Saturday, 7 August 2010

Review: Inception

Yes, as late as it is, I thought perhaps a review of Christopher Nolan's latest epic would be well received a few weeks after its initial release. It gave me time to reflect and decide whether I in fact appreciated everything that encapsulates Inception, or if I was merely dragged along in the media hype and global success it has achieved. Or it might just be the fact I have been too busy with work and various other things to sit down and blog it. Either way I'm sure you will thank me.

The trailers excited me. The posters intrigued me, as did the fact Leo (probably my favourite actor of the past decade) was the central protagonist, especially after a string of notable performances since the turn of the century (The Departed, Blood Diamond, Shutter Island). Hell, the hype excited me too and whilst I got a little bored of hearing a new film by the bloke who did Batman, the thought of what Inception could be, made me feel like a child on his way to Disney World.

I would like to make it clear now that I was not left disgruntled, nor let down, nor disappointed in any way whatsoever. Inception is simply breathtaking. It was pleasing in every way.

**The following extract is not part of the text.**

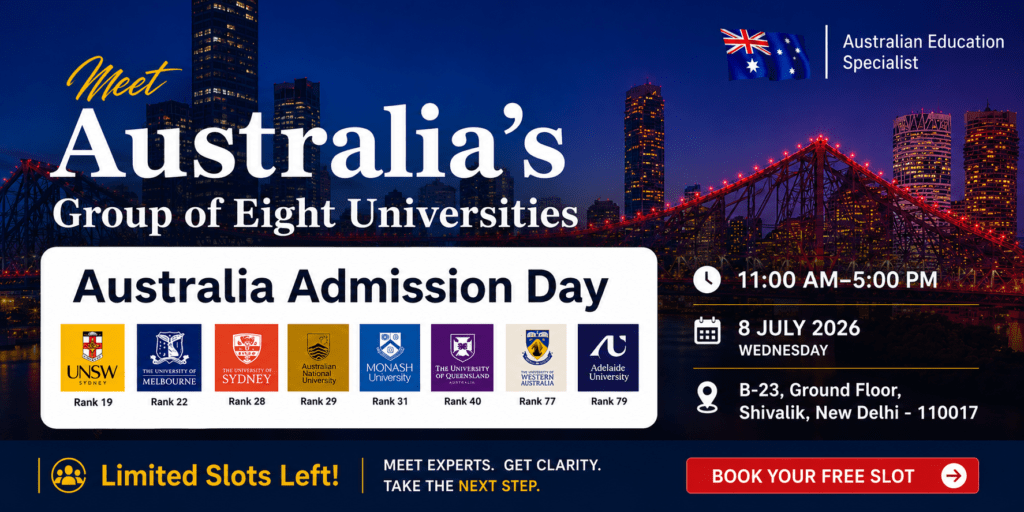 Group of Eight Admission day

An original and creative plot was arguably the films strongest aspect. Much like Memento, it maintains your attention, draws you in and grips you for its entirety. You will be asking questions, and, surprisingly it resolves such discrepancies as the plot develops, thus never leaving you bewildered. Matched by the strength of the cast, Di Caprio puts in a strong performance as protagonist Cobb. Not only does he drive the excellently paced narrative, but is accompanied by a selection of quality supporting roles, with the likes of Tom Hardy, Michael Caine and Joseph Gordon-Levitt, which made Inception compelling and a real pleasure to watch.

The premise; amidst a sci-fi future world where people are hooked up to enter and manipulate one another's dreams, Cobb has a questionable reputation exploiting said technology and uses his expertise for morally ambiguous intentions for equal minded individuals. A particular job Cobb undertakes is the focus of the main story, which appears simple enough, thus allowing the premise intricacies and definition of the idea of  inception to be explored.

Never is it boring. Certainly thrilling, especially towards its climax, Nolan has followed up to his Batman sequel flawlessly, living up to all expectations, making arguably an even more impressive motion picture than The Dark Knight.

Instantly I am left wanting more and cannot wait to see it again. All that is left to do is, at the earliest opportunity, watch it again, and again and probably a few more times over the coming years and place Inception comfortably into my elite collection beside the likes of Goodfellas and The Departed.